俺様社長はカタブツ秘書を手懐けたい

社長は仏頂面を崩してふわりと微笑み、リビングダイニングに足を進める。私もついていくと壁側に内階段があり、二階部分が見える造りになっていて、デザイン性の高さに感激する。


「わぁ、メゾネットってやつですか? すごくオシャレ……あっ」


こんなところに住んでみたいと思いながらぐるりと見回していると、部屋の隅にケージらしきものがある。

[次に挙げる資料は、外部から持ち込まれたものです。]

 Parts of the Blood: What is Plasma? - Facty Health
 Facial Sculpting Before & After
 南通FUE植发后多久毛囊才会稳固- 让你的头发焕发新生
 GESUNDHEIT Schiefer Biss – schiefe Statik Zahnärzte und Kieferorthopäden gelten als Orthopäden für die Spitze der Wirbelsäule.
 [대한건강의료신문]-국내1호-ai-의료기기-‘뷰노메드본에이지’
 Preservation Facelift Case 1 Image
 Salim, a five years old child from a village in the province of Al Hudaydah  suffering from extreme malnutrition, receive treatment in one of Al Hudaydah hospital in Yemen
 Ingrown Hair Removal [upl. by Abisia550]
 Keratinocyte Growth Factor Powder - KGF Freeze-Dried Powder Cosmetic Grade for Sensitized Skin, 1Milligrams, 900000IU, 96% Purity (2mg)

その中に、まるでぬいぐるみのようにもふもふとした小動物がいるのを見つけた瞬間、私は目を輝かせた。


「きゃーうさぎ! 可愛い~!」


直径五十センチほどのケージに駆け寄って膝をつき、まじまじと眺める。

茶色の毛並みに、ピンと立った耳、真っ黒なくりくりとした目。大きさは五百ミリリットルのペットボトルくらいで、前足をそろえてキョトンとこちらを見ている姿がめちゃくちゃ可愛い。

なんとなく不破さんは、動物には……というか、仕事と料理以外には興味がなさそうなイメージだった。なのに、まさかうさぎを飼っていたとは。

驚いたことと、うさちゃんの可愛さでテンションが急上昇する私の後ろで、彼が立ったまま説明する。